July 13, 2023
JAKARTA – The Finance Ministry has warned that a slowing global economy could hurt Indonesia’s budget, as weaker commodity exports take a toll on customs and excise as well as on non-tax revenue.
The government still expects to beat its overall budget revenue target for this year, however.
Speaking in front of the House of Representatives Budget Committee on Monday, Finance Minister Sri Mulyani Indrawati revealed that two out of three components of state income would exceed the targets set last year.
“Regarding the [state revenue] level, we remain optimistic. Regarding the trend, we must be on alert,” Sri Mulyani said in front of the lawmakers.
She elaborated that income from customs and excise, taxes as well as non-tax state revenue would enter a downtrend.
The former is the only component projected to miss the target, as it was forecast to pour Rp 300.1 trillion (US$19.8 billion) into state coffers, while the target is set at Rp 303.2 trillion.
Meanwhile, tax revenue is expected to exceed the target by 5.8 percent as the ministry projects income of Rp 1.818 quadrillion from the component, exceeding the targeted Rp 1.718 quadrillion.

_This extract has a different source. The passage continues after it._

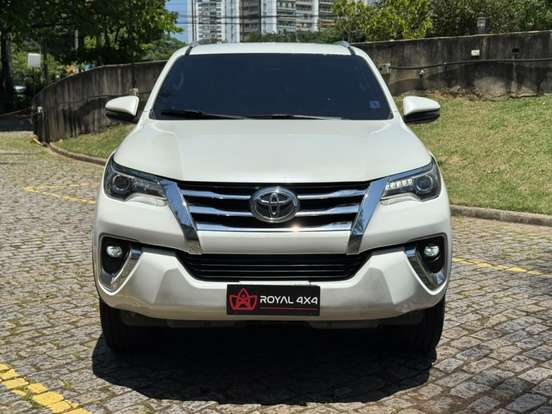 TOYOTA-HILUX SW4-2019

Non-tax revenue, on the other hand, is projected to surpass the target by a large margin at 515.8 trillion, 16.9 percent more than the targeted Rp 441.4 trillion.
However, there is a downtrend in each of these components when compared to last year, when they registered significant increases of 18 percent, 34.3 percent and 29.9 percent, respectively.
This projection sees customs and excise drop by 5.6 percent this year, while non-tax revenue is projected to drop by 13.4 percent. Only tax revenue is forecast to grow, namely at 5.9 percent.
The ministry named three causes for the decline in customs and excise, namely decreasing tobacco production, dwindling exit duty from mineral products due to the downstream industry agenda, which bans many ore exports, and waning prices of crude palm oil (CPO), Indonesia’s main export commodity.
Moderating prices of coal and metal minerals are also hurting state income.
“We must be cautious of the weakening or negative gross [revenue] trend, especially in formulating the 2024 State Budget Law,” said Sri Mulyani.
Total state revenue is predicted to reach Rp 2.637 quadrillion by year-end. While that would be 7.1 percent more than the targeted Rp 2.46 quadrillion, it only just beats last year’s Rp 2.635 quadrillion.
However, Sri Mulyani pointed out that was still “an achievement”, given the fact that last year’s extraordinary growth was carried by a commodity windfall, and that the archipelago was on track to maintain or even exceed 2022 figure despite this year’s declining commodity prices and global economic downturn.
Concurring with that, Bank Permata chief economist Josua Pardede told The Jakarta Post on Tuesday that a 7 percent increase was a good enough score for this year.
Josua explained that the main threat to watch out for was weakening demand from China, as that would accelerate the decline in commodity prices. It could also lead to lower export volumes and thus lower income from customs and excise.
“Beside the export performance, there’s a potential weakening in the domestic economy caused by increasing credit interest rates, which leads to higher borrowing costs for businesses and consumers,” said Josua.
He went on to say that a contraction in exit duty would “potentially continue until year-end”, due to the government’s export ban on some commodities, in addition to a CPO price that was likely to either stagnate or wane.
Bank Danamon economist Irman Faiz told the Post on Tuesday that state revenue was in good shape thanks to commodity prices that were “still high”, albeit declining.
“Going forward, with the world’s economic weakening in mind, commodity prices will continue to diminish, so it is understandable that [the government] is wary of this risk,” said Irman, before saying that a 7 percent state revenue increase was “realistic”.
He argued that the downward trend in state revenue would remain until year-end, but things would improve next year as the global economy improves after monetary tightening gets fully transmitted this year.
“The risk of uncertainty is still high in 2024. Oil price fluctuation, tightening monetary policies and global growth must be watched out for. That’s why the state budget needs to be devised as a buffer and a countercyclical measure for facing those challenges,” said Irman.
The finance minister estimated that the 2023 state budget deficit would be Rp 486.4 trillion, or 2.28 percent of the country’s estimated gross domestic product (GDP) of Rp 21.3 quadrillion.
In this year’s first half, the government raked in Rp 970 trillion from tax, Rp 302.1 trillion from non-tax revenue and Rp 135.4 trillion from customs and excise.